## What to work on
Should a picture appear anywhere in the data, omit it and copy everything else exactly.

## The data
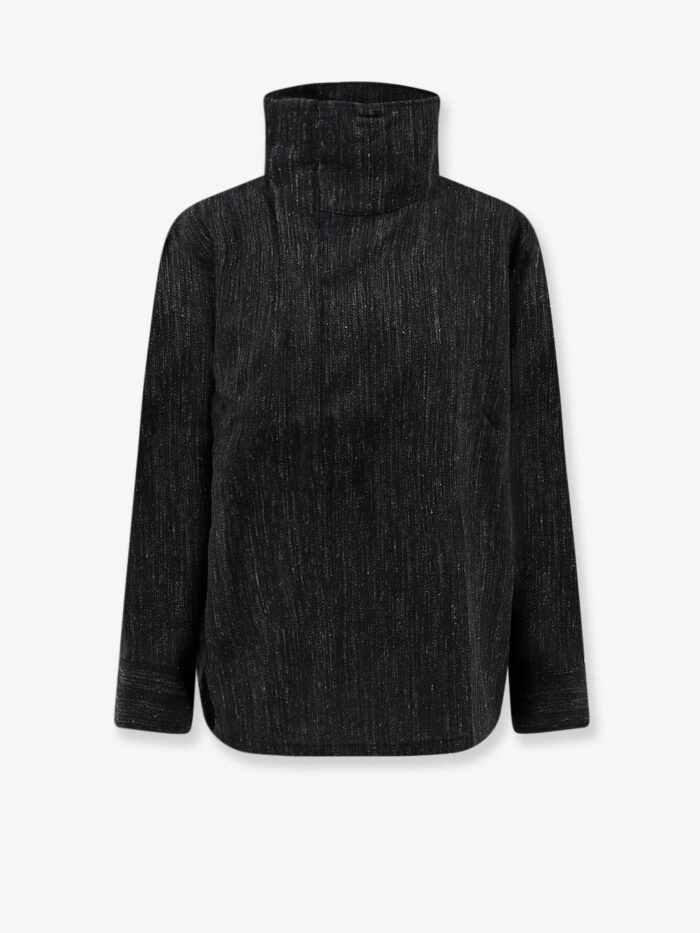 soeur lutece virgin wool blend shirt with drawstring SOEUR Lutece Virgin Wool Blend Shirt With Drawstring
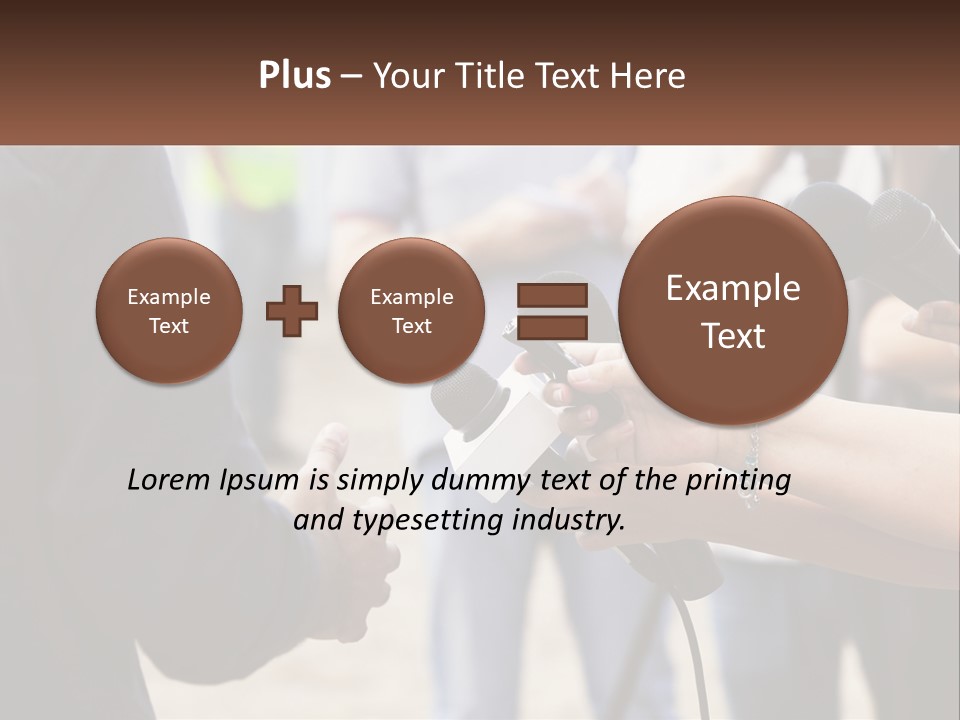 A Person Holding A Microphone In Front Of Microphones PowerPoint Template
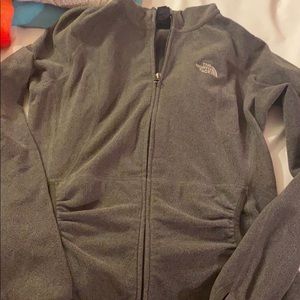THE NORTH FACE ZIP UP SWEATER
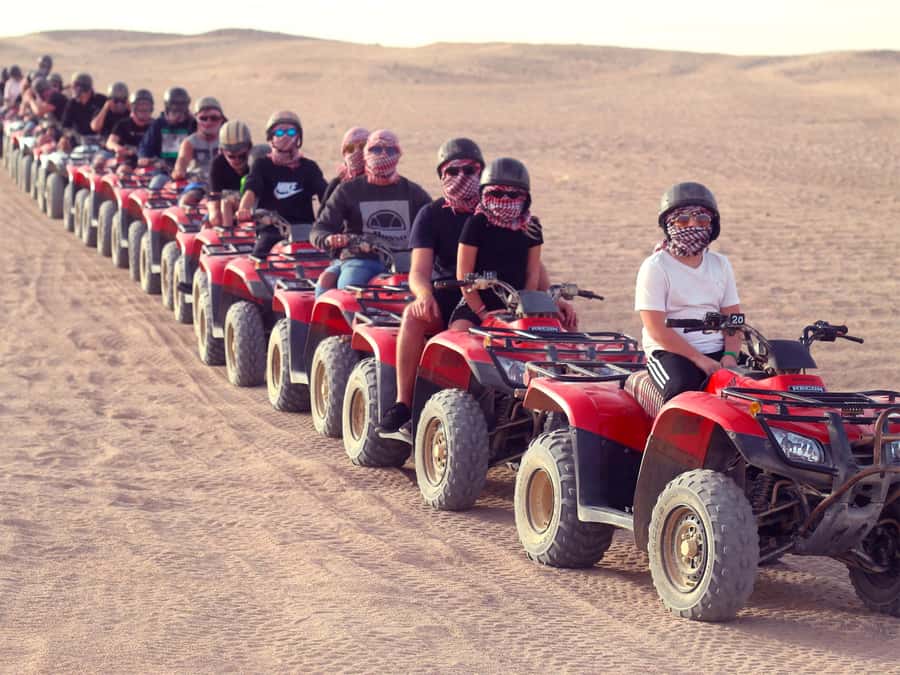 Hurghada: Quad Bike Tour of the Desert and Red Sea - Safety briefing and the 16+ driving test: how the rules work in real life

## Response to this exercise
 soeur lutece virgin wool blend shirt with drawstring SOEUR Lutece Virgin Wool Blend Shirt With Drawstring
 A Person Holding A Microphone In Front Of Microphones PowerPoint Template
THE NORTH FACE ZIP UP SWEATER
 Hurghada: Quad Bike Tour of the Desert and Red Sea - Safety briefing and the 16+ driving test: how the rules work in real life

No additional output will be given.